(Data excerpts)
■ ■ ■ ■ ■

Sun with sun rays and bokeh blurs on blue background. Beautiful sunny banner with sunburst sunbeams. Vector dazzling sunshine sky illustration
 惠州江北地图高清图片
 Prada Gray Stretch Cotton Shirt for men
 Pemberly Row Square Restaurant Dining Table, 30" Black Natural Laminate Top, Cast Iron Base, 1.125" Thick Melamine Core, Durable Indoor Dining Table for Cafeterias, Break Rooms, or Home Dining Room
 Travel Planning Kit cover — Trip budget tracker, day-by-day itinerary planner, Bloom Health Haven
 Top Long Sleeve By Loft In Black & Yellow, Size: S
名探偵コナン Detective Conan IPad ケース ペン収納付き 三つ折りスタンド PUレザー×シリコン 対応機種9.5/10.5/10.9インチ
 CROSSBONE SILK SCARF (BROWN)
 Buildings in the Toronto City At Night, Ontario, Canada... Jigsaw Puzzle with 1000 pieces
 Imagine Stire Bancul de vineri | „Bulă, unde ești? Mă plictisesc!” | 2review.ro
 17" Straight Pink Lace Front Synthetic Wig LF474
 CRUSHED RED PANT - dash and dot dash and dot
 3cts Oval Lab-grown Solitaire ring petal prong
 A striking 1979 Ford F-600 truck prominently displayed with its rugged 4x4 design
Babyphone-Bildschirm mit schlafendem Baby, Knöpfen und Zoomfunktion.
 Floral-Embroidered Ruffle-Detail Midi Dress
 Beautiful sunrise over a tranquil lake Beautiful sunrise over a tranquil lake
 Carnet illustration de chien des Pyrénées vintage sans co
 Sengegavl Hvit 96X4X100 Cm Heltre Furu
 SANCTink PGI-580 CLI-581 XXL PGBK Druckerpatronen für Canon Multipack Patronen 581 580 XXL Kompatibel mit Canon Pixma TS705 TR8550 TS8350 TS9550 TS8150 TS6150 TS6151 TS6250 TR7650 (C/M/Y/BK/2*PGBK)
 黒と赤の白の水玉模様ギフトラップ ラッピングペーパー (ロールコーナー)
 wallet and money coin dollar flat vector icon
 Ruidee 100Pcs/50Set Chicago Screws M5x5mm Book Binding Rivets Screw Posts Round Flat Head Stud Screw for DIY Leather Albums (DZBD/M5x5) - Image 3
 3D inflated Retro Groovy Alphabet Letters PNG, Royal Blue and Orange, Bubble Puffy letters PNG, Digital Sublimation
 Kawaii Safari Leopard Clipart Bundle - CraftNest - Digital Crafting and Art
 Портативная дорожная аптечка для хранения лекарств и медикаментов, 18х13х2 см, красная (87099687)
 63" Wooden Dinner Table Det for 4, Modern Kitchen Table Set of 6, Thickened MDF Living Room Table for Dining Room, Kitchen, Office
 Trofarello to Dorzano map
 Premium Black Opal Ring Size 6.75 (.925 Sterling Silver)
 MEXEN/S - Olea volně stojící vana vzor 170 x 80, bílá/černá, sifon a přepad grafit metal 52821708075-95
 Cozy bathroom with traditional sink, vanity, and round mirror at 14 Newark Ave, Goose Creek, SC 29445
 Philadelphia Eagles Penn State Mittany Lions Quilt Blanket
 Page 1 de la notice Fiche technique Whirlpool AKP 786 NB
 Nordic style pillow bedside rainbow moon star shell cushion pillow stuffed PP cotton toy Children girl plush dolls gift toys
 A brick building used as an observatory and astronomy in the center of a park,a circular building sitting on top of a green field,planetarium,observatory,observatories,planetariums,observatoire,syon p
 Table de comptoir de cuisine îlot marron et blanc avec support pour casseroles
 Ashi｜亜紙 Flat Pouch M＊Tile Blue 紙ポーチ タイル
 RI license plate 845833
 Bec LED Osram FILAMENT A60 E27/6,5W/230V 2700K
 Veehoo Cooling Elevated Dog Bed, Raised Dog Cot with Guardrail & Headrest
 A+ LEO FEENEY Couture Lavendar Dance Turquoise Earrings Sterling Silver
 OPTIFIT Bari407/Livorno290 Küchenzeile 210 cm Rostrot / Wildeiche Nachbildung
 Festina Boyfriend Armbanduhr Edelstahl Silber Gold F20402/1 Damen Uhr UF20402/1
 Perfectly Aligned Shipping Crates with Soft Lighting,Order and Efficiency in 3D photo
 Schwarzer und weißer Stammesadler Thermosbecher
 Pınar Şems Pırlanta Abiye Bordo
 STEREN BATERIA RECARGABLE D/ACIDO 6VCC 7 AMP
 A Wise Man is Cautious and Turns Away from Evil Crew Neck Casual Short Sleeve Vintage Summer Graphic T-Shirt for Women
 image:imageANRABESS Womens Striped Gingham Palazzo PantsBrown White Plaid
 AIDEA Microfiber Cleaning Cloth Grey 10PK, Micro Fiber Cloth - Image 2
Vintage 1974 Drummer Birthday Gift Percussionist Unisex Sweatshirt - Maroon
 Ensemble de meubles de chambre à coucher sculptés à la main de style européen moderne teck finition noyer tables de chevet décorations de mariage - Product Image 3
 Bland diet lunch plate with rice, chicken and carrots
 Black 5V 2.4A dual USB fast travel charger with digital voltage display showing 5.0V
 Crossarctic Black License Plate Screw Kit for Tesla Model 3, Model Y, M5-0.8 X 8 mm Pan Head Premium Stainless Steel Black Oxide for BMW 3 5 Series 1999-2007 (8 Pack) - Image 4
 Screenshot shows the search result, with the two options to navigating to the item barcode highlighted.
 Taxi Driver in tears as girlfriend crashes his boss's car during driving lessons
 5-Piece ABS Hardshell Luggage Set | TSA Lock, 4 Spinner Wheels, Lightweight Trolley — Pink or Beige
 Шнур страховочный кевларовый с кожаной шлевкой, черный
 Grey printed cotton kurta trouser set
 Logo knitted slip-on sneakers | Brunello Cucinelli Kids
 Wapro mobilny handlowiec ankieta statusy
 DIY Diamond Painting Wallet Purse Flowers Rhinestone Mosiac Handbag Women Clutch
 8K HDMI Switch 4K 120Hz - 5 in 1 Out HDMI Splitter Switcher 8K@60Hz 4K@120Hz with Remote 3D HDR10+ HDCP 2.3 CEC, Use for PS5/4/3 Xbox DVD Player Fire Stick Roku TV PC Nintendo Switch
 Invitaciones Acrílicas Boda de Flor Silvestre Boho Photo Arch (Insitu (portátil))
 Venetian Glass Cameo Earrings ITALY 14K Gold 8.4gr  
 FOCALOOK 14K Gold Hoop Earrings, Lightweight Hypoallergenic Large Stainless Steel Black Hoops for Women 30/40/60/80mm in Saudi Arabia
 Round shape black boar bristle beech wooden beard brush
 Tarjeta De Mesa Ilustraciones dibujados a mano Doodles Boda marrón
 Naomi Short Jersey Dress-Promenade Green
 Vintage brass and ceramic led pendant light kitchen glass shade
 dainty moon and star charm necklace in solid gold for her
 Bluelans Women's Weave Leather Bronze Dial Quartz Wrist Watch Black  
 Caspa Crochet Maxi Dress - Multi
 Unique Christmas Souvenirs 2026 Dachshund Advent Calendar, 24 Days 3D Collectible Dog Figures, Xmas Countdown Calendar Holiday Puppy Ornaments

■ ■ ■ ■ ■

> [BRIEF]: As the answer, set down only the lines from the data above between the one holding "Invitaciones Acrílicas Boda" and the one holding "FOCALOOK 14K Gold", inclusive, exactly as they read.

> [YOUR SOLUTION]:
 Invitaciones Acrílicas Boda de Flor Silvestre Boho Photo Arch (Insitu (portátil))
 Venetian Glass Cameo Earrings ITALY 14K Gold 8.4gr  
 FOCALOOK 14K Gold Hoop Earrings, Lightweight Hypoallergenic Large Stainless Steel Black Hoops for Women 30/40/60/80mm in Saudi Arabia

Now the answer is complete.